Community economic development (CED) is an inclusive and participatory process by which communities initiate and generate their own multiple bottom-line solutions to economic problems. Community economic developers focus on creating inclusive local economies, developing nourishing livelihood opportunities, building on local resources and capacities, increasing community control and ownership, enhancing the health of the environment, and encouraging community resilience.
While community economic development approaches can look vastly different in every community, many have five basic principles in common:
The Five Principles of CED
1. Livelihoods Focused
Being “livelihoods focused” means that CED treats the economy as a tool for increasing the well-being and quality of life for everyone in our communities. Well-being is the ultimate goal of economic activity, not simply profitability and production.
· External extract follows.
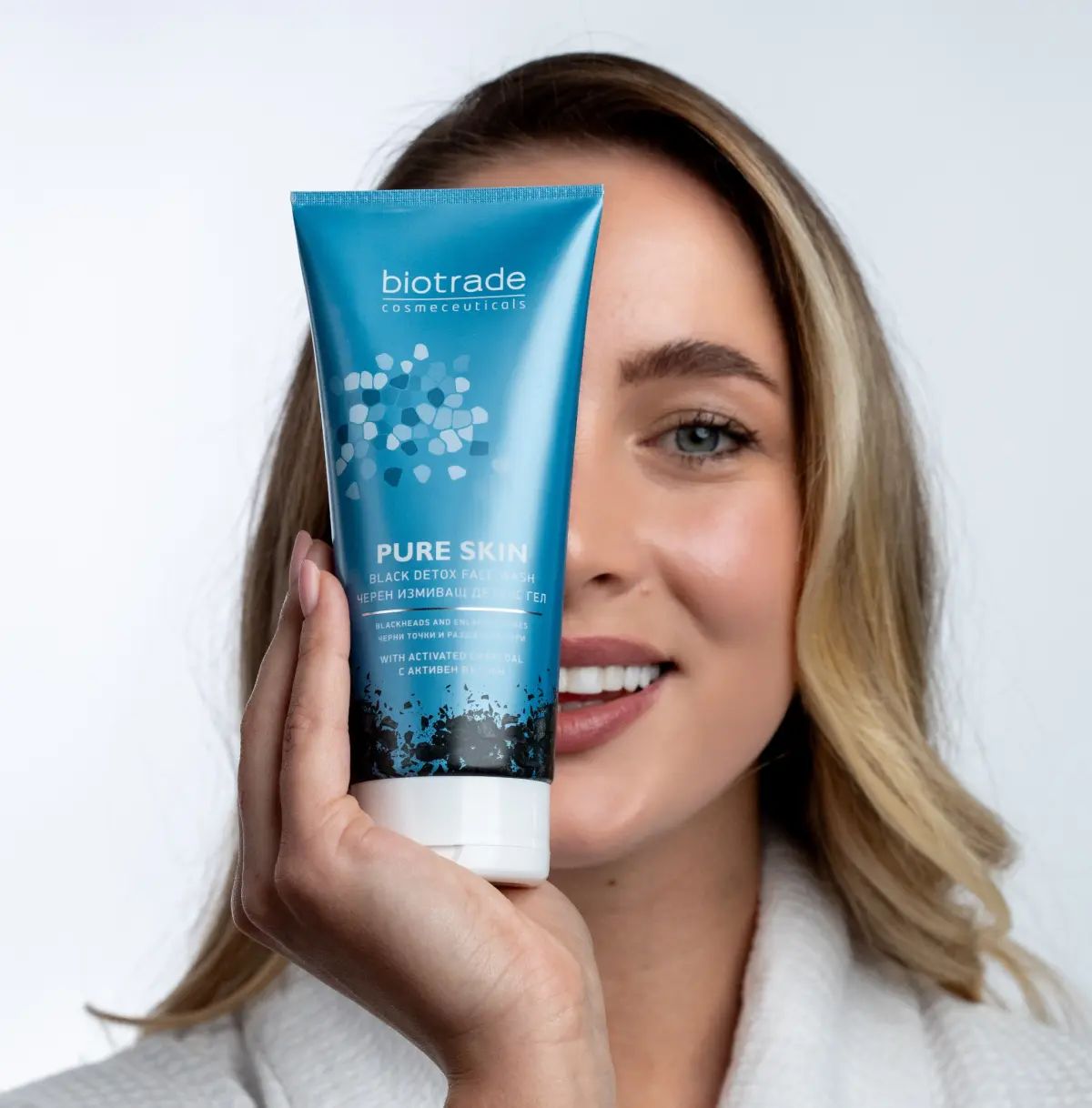 Vrouw houdt blauwe tube voor haar gezicht. Opschrift: Biotrade, Pure Skin Black Detox Face Wash.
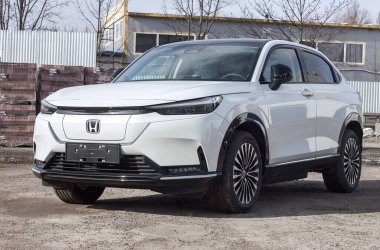 Lviv Ukraine - 03 04 2023: Electric new white car Honda E-HS1, sale of eco electric vehicles, selective focus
Along these lines, CED planning doesn’t just focus narrowly on the “economy”, but it also focuses on how various aspects of our communities intersect and interact with the economy. Using a “community capitals approach” CED considers how health, housing, political engagement, social standing, and many other factors both modify the ability of the economy to enrich livelihoods as well as becoming part of the outcomes of economic development itself.
2. Diverse and Inclusive
As much as economic development contributes to well-being, it is also a sorting mechanism for well-being. Historically, modes of economic development have privileged some groups over others, allocating benefits and losses unfairly. In Canada this has been most apparent in the imposition of colonialism by Europeans over our First Nations. However, it is also apparent in the focus of economic development on “major employers” rather than on “mom and pop shops” or subsistence businesses. Diversity and inclusion are essential to CED not only because they right historical wrongs, but also because they improve the ability for the economy to more equitably deliver benefits to everyone regardless of who they are or what their business is. This increases everyone’s capacities and makes both individuals and communities more resilient in a world of constant change.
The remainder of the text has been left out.